Cesar and Rosalie at the Exeter Street Theatre

By Kevin J. Obrien

THIS IS the first film I've ever known that provides its viewers with a money-back guarantee, borrowing a page from those late night television spielmeisters who peddle veg-a-matics. Borrowed, too, is a professional slickness and elan by which Cesar and Rosalie comes closer than it should to selling itself to the audience.

The non-plot proves a convenient vehicle for an assault on the impressionable eye and idle imagination. Cesar (Yves Montand) is a self-made tycoon, a blustery tough guy with a big heart full of histrionic whimsy, whose larger than life personality subsumes John Wayne and Buster Keaton under a single brow. Romy Schneider, rescued from the anonymity of a screen beauty turned tiresome, plays Cesar's lover Rosalie. She spends a good deal of her time casting long, soft, knowing looks at everyone, liberally displaying her carefully assembled sumptuousness.
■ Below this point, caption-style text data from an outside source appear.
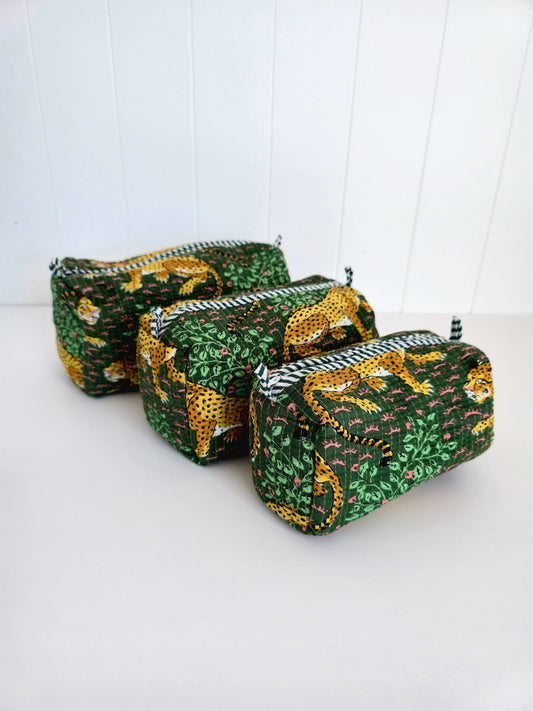 Three small zippered cosmetic pouches in a nested set, featuring a green and yellow leopard print fabric with black and white striped zipper trims, set against a white paneled background.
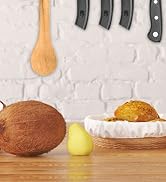 Kitchen scene with wooden spoon, knife handles, coconut, lemon, and bread in basket on wooden surface against white brick background.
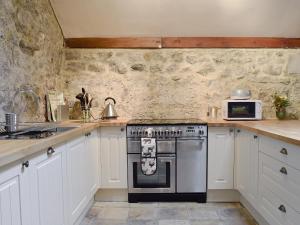 a kitchen with white cabinets and a stove at Sikes Laithe in Kilnsey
The catalyst of the action, however, is David (Sami Frei), an artist who returns to Paris to pick up with Rosalie where he left off several years ago. David is a reserved and preoccupied figure, languidly handsome, and given to the terse, apocalyptic remarks with which soap opera segments end in mystery. The one-upmanship of the two suitors in their fight for Rosalie is the organizing theme of the early scenes. The camera reveals Cesar and David through her eyes, as she makes mental comparisons, and the tension is akin to that which accompanies long-winded introductions at championship fights. In this corner, the brusque and straightforward color of Upward Mobility. In the other, the precious and enigmatic allure of Aesthetic Sensibility.

The fight, however, never comes off. In fact, long before Rosalie leaves both of them, Cesar and David have become best friends. This is one of the consequences of living, as all the characters do, in an airbrushed world, in which everyone and everything is stylized and charming. No stray marks, no smudges, no coloring outside the lines in this crayon book. Every man seems to keep a beautiful mistress of firm breasts and docile character. David's down and out artist friends have that fashionably seedy look which has replaced plaids on the Fly Club veranda. One can hardly blame characters for their easy attraction to each other in a universe of this sort.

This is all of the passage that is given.